Let’s just all agree that Windows Server 2003 was the best server OS for the desktop.
My list would include Fedora Project for most interesting distribution development, GNOME Project for biggest Free Software usability improvements, Epiphany and Inkscape for most valuable forks, freedesktop.org xserver for most exciting technology preview, Enemy Territory for best Linux multiplayer game, Novel buying monkeys and chameleons in a box for most interesting acquisition and of course Mono for just kicking everything’s arse. Oh yes and there was something funny involving SCO, but I already forgot what it was all about. :p
Let’s see… For me personally, these things are worth noting:
Best Desktop OS: Mac OS X 10.3
Best Server OS: Windows Server 2003
Best Computer News Site: osnews.com
Best new app: Outlook 2003
Biggest event in computer hardware: The Apple G5.

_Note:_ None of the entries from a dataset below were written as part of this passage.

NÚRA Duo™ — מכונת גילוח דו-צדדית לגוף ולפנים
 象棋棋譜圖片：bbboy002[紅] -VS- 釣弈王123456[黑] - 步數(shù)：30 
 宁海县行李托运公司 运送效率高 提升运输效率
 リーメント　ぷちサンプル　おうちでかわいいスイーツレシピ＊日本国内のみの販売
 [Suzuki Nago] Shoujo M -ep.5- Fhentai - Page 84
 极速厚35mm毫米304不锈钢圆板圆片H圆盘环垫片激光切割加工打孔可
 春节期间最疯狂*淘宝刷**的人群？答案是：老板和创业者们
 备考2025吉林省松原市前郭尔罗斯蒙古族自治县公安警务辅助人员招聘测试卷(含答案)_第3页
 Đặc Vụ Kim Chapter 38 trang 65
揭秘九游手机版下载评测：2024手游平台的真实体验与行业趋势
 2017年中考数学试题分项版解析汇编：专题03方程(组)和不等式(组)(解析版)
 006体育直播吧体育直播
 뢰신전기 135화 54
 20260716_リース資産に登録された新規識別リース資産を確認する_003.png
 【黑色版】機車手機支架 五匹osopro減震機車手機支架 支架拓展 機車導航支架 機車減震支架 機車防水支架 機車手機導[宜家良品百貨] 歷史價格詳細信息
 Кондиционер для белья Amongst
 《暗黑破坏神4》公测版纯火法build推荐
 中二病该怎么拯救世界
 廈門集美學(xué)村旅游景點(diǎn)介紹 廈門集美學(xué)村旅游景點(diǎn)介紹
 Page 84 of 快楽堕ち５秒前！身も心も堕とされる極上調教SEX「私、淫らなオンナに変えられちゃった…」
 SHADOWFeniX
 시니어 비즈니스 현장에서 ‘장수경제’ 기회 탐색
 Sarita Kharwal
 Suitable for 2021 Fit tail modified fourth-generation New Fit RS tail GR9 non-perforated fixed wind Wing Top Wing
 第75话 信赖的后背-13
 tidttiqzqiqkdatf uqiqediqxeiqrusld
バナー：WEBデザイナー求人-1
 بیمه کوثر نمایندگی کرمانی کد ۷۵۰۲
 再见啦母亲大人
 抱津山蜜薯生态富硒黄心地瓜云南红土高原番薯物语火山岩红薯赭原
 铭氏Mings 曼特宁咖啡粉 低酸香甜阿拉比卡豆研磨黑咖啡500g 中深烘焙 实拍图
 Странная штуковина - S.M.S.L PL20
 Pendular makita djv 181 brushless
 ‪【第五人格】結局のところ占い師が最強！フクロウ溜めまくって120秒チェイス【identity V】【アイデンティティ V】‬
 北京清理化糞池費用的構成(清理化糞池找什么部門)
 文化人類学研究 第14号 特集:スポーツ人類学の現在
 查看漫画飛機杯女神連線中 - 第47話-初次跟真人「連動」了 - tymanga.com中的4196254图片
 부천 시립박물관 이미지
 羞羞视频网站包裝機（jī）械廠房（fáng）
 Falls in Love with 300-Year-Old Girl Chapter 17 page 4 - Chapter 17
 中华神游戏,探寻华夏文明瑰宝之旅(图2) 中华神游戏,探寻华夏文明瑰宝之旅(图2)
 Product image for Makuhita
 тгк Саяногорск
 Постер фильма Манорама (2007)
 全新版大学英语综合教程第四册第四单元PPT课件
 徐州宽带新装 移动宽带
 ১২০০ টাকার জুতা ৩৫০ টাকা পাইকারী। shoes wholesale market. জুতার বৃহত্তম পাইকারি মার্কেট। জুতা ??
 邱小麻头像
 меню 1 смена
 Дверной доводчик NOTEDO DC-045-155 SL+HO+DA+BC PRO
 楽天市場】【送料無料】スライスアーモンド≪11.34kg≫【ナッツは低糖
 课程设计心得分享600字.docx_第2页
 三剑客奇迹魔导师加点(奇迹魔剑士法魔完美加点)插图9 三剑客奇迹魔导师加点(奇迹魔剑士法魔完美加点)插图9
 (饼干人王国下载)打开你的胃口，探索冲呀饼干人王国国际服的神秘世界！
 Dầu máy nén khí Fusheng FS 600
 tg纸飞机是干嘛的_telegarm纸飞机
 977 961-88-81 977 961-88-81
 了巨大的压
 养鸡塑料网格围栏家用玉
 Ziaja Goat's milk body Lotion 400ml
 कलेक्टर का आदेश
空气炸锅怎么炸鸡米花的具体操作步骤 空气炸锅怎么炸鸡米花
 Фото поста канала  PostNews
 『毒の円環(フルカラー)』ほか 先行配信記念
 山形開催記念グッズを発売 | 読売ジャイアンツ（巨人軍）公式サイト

Biggest event in computer software: Netscape dead.. Mozilla ready for a new broswer war!
Most annoying event in computing: SCO
Most useful app for 2003: Virtual PC.
(all items on this list are my personal favorites for 2003)
I’d amend the Best Server OS category to read “Best Server OS for someone who doesn’t know how to run a server”, and then you can definetly name Win 2K3 the winner.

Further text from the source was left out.